I do, of course. But I felt a bit ridiculous writing down things like “Grateful I’ve got a roof over my head”. Or “I’ve got a significant other”.
And I felt some weird pressure not to repeat things. So having written “grateful for my cats” one day, I felt I couldn’t repeat that same thing on another day. Or I’d be writing the same thing each day for weeks, and what’d be the point in that?
Also, my brain would do a thing where it’d ‘poke holes’ in its own suggestions for things to write.
So, while I am indeed grateful I’ve got a roof over my head, another bit of my brain would throw up this sort of thing: yeah, but it’s filled with mould and other issues & the rent is nevertheless exorbitant!
Therefore it felt as though I wasn’t doing gratitude practice ‘properly’. Or that this poking holes business was detracting, potentially making the entire thing more detrimental than helpful. It was focusing my mind on the negative, rather than the positive. The exact opposite of what it’s meant to do, I believe?
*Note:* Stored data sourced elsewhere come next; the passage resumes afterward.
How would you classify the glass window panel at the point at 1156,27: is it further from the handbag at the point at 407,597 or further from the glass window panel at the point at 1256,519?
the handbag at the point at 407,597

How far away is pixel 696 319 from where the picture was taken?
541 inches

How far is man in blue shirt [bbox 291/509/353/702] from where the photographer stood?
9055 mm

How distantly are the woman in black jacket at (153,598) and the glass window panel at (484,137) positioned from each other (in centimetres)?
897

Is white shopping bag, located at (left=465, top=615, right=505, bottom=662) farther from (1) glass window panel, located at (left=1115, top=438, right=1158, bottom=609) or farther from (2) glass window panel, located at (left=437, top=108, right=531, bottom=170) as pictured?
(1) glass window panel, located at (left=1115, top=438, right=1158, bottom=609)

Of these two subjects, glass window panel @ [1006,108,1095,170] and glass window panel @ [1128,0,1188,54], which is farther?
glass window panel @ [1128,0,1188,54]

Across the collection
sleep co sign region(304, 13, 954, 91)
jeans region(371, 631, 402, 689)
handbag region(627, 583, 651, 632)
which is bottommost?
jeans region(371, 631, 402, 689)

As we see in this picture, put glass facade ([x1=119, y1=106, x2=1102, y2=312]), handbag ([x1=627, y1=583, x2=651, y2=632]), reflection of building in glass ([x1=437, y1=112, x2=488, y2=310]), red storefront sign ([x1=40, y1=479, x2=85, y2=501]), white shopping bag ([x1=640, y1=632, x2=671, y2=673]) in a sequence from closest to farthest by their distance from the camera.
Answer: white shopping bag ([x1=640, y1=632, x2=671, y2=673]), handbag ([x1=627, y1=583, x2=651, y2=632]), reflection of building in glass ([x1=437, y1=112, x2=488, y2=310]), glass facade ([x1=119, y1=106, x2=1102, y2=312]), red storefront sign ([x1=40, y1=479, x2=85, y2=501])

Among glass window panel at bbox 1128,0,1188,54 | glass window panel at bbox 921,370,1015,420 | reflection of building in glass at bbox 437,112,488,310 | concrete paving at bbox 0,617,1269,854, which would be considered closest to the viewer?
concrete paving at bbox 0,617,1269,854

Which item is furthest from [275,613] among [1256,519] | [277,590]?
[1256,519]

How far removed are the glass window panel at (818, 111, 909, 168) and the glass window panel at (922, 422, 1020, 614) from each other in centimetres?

And it wasn't that I was going through an especially difficult time when I tried this. Nor do I feel that it’s because I’m an entirely negative person, or something. (This is possibly an entire separate post in its own right.) I can be ‘glass half empty’, definitely; but I can also be ‘glass half full’.
Having to wrack my brains for something from earlier that day for which to be grateful? It was uncomfortable, unpleasant even. And it didn’t seem to be getting any easier as time went on. It wasn’t a case of practice makes perfect. Not for me. In fact, the pressure not to repeat stuff was making it harder as time went on. So for me it felt right to stop.
I’m sure it works for some folk, and is helpful. And perhaps there’s even a different way of approaching this which might work better for me. (Recording things as they happen or occur to me might work, if I could do it that way. Sitting in front of a blank journal page at the end of the day and struggling to write on it does not.)
A minor point to finish on, and a possible alternative to gratitude practice for me (and maybe for you). This YouTuber, Hannah May, brought it to my attention in one of her series of 'resident sicko' videos (her term, not mine). I think she calls it 'joy of the day' (timestamp: 21:20).
I feel joy of the day is something I could really pick up and run with. It's likely that a little something will catch my attention in a day, and strike me as a little joy. (I don't necessarily have someone I'll message them to right now like Hannah does, but that doesn't have to deter me from mentally noting these moments.)